Il weekend di Alonso è stato un mix di brillantezza fugace e delusione schiacciante. L'inizio della gara lo ha visto eseguire un lancio stellare, passando dal 15° al 10° posto. Tuttavia, questo momento di gloria è svanito rapidamente quando si è ritrovato di nuovo al 15° posto solo cinque giri dopo. “Le partenze sono divertenti,” ha osservato, evidenziando la forte prestazione iniziale della sua auto. Ma la realtà si è fatta sentire, “In questo campionato del mondo delle batterie, non siamo bravi come gli altri.”

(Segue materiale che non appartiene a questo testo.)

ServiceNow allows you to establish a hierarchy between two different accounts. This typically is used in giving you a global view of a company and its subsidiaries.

Dal punto di vista della Honda, c'è un barlume di speranza in mezzo al tumulto. Shintaro Orihara, direttore generale e capo ingegnere della Honda a bordo pista, ha affermato: “Abbiamo migliorato le vibrazioni dal lato dei sistemi, ma è ancora un problema per il comfort del pilota.” Tuttavia, Alonso è stato rapido a sottolineare che le prestazioni del motore erano rimaste invariate rispetto all'Australia, accennando al fatto che eventuali miglioramenti erano solo superficiali. “Alcuni dei passi che abbiamo fatto sono stati raggiunti artificialmente,” ha spiegato. “Ridurre i giri del motore diminuisce le vibrazioni, ma in gara, devi comunque andare alto in alcuni dei giri quando fai un sorpasso, o quando devi ricaricare.”

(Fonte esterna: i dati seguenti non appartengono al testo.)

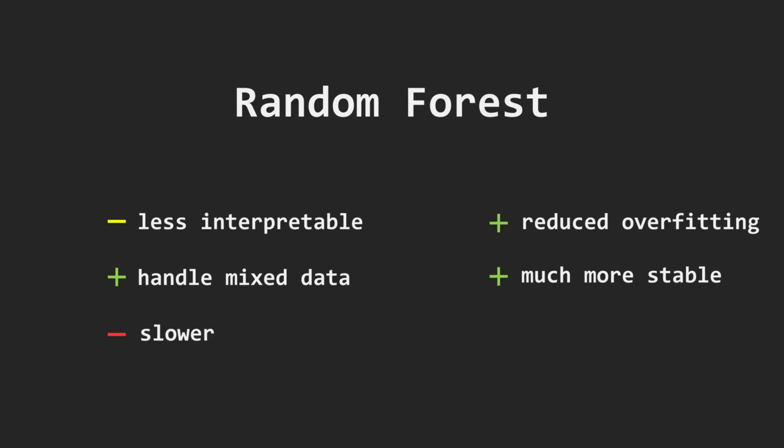In real projects, many data scientists use it as a first pass when approaching a new classification problem. Thank you for watching.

Man mano che la stagione di F1 avanza, le rivelazioni di Alonso dipingono un quadro inquietante delle difficoltà di Honda, sollevando seri interrogativi sul futuro delle ambizioni di Aston Martin in pista. Con il tempo che scorre e la pressione che aumenta, Honda riuscirà a raddrizzare la situazione, o Alonso e il suo team saranno costretti a fare i conti con le conseguenze di un motore malfunzionante? Solo il tempo lo dirà.